You’re close to measuring the launch overhead with these tiny kernels doing almost nothing. I suspect the difference here would be lost in the noise if your kernels executed for a few milliseconds. For example, by adding a for loop to your kernel and running it for 100 times, I get results like this:
Average time without std::this_thread::sleep_for is 0.00415706
Average time with std::this_thread::sleep_for is 0.00416839
Now the difference is less than 1%.
So we are talking about a relatively small (on the order of the kernel launch overhead) fixed cost that appears when you put a thread to sleep, to subsequently launch a kernel after the thread wakes up.
Since CUDA has a lazy initialization process, it wouldn’t surprise me that there is some additional resource initialization time to make the CUDA runtime usable again, after a thread goes to sleep and wakes up.
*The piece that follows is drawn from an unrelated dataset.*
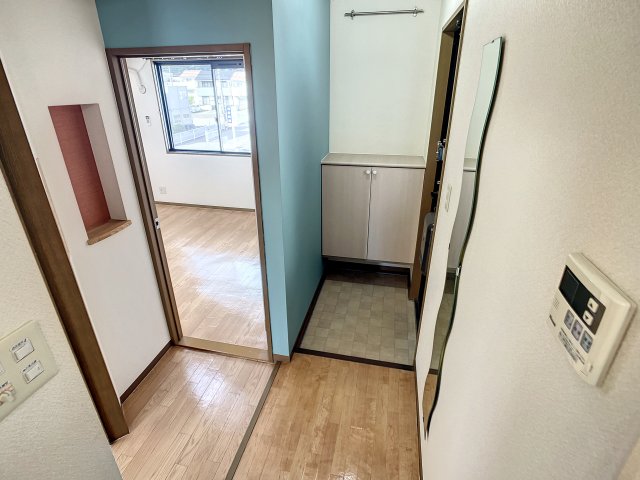 玄関　掲載写真は空室の別部屋を掲載しております。実際のお部屋と仕様
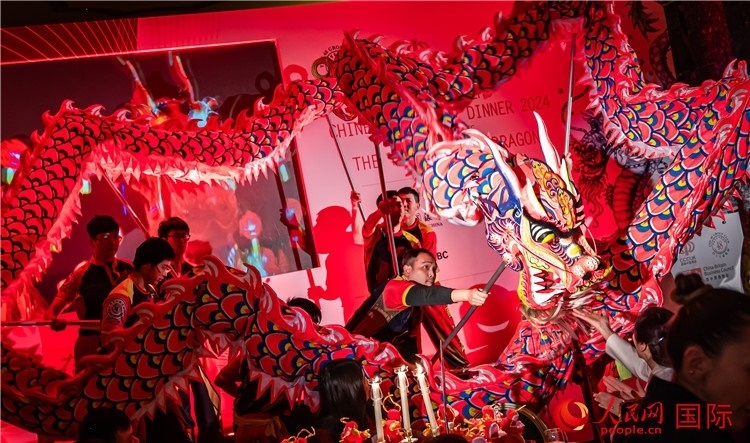 “共慶中國年 共享新機遇”破冰者新春晚宴現(xiàn)場盛況。人民網(wǎng) 郭錦標攝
I have no idea what is happening, really, that is just idle speculation. But generally good advice for using CUDA is to try to avoid launching kernels that are a few microseconds or a few tens of microseconds in duration. If you do so, even independent of your observation here, the cost to launch a kernel becomes a significant part of your overall workflow, and thus you are using the GPU inefficiently.
You can file a bug if you wish, but my guess is that:
- this is ultimately expected behavior
- its unlikely that significant resource would be applied to try to improve this situation, because you are using the GPU inefficiently (even if this were “fixed”).